Il conviendrait de viser la réduction au minimum de ce dernier flux, si ce n'est de l'avant-dernier, pour orienter davantage de ressources en valorisation matière, ce qui irait de pair avec un allongement de la durée du stockage de carbone dans les produits bois.
Les panneautiers à particule français présentent des taux d'incorporation d'environ 50 % (selon l'éco-organisme Ecomaison) et visent 70 % à horizon 2035, tandis que l'Italie présente un taux encore largement supérieur, de l'ordre de 97 %.
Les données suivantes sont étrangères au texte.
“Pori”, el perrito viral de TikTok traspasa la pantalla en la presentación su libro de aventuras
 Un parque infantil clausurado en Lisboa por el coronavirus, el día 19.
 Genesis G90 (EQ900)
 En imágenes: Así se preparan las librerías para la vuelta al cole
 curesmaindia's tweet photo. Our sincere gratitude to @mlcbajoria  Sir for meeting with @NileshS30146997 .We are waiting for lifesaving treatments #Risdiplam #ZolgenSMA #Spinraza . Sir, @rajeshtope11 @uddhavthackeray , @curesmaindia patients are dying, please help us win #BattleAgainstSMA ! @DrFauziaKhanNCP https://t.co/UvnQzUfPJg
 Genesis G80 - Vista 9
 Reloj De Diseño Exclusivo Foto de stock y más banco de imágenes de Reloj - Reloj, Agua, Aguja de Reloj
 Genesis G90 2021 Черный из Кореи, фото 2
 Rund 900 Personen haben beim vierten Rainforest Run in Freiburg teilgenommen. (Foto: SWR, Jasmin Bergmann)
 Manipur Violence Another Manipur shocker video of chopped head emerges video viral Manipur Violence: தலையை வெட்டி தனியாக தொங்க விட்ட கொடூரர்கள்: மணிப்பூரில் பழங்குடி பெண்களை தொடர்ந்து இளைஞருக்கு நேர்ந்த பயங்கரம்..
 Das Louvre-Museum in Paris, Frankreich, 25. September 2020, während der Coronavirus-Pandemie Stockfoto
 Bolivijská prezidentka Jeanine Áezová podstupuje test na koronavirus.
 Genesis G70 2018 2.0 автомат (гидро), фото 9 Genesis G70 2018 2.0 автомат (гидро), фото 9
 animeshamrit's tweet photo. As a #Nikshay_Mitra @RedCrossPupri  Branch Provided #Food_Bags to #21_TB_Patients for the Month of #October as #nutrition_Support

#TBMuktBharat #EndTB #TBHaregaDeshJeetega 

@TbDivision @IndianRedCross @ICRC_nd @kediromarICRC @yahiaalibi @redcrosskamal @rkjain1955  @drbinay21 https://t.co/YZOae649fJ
Source : L'Ameublement français
Les appels à projets SCB et IPPB financent des projets en ce sens, et en particulier des process de prétri amont qui permettent de distinguer le bois déchet A du bois déchet B et des bois indésirables : les bois A ou B1 peuvent être incorporés, les bois B2 et indésirables ne pouvant qu'alimenter une chaudière biomasse sur place14(*). Le FCBA s'est également vu confier un travail sur la détection et la caractérisation des substances de traitement du bois, qui peuvent faire obstacle au recyclage. S'agissant des matériaux issus de la démolition ou de la rénovation, la DHUP coordonne la mise en place d'un diagnostic « produits, équipements, matériaux et déchets » (PEMD) qui devrait permettre de mettre en avant les possibilités de réemploi ou, à défaut, de valorisation.
* 12 Approuvé par le décret n° 2017-155 du 8 février 2017.
* 13 Ainsi, la statistique souvent évoquée du taux de prélèvement rapporté à la croissance biologique des arbres, qui est de 67 % toutes forêts en France, s'élève à 80 % en forêt domaniale.
* 14 Bois A : palettes cassées non colorées, cagettes, planches de bois massif, touret, bois de calage. Bois B1 : bois faiblement traités, peints ou vernis. Bois B2 : bois non dangereux mais davantage traité que le bois B1.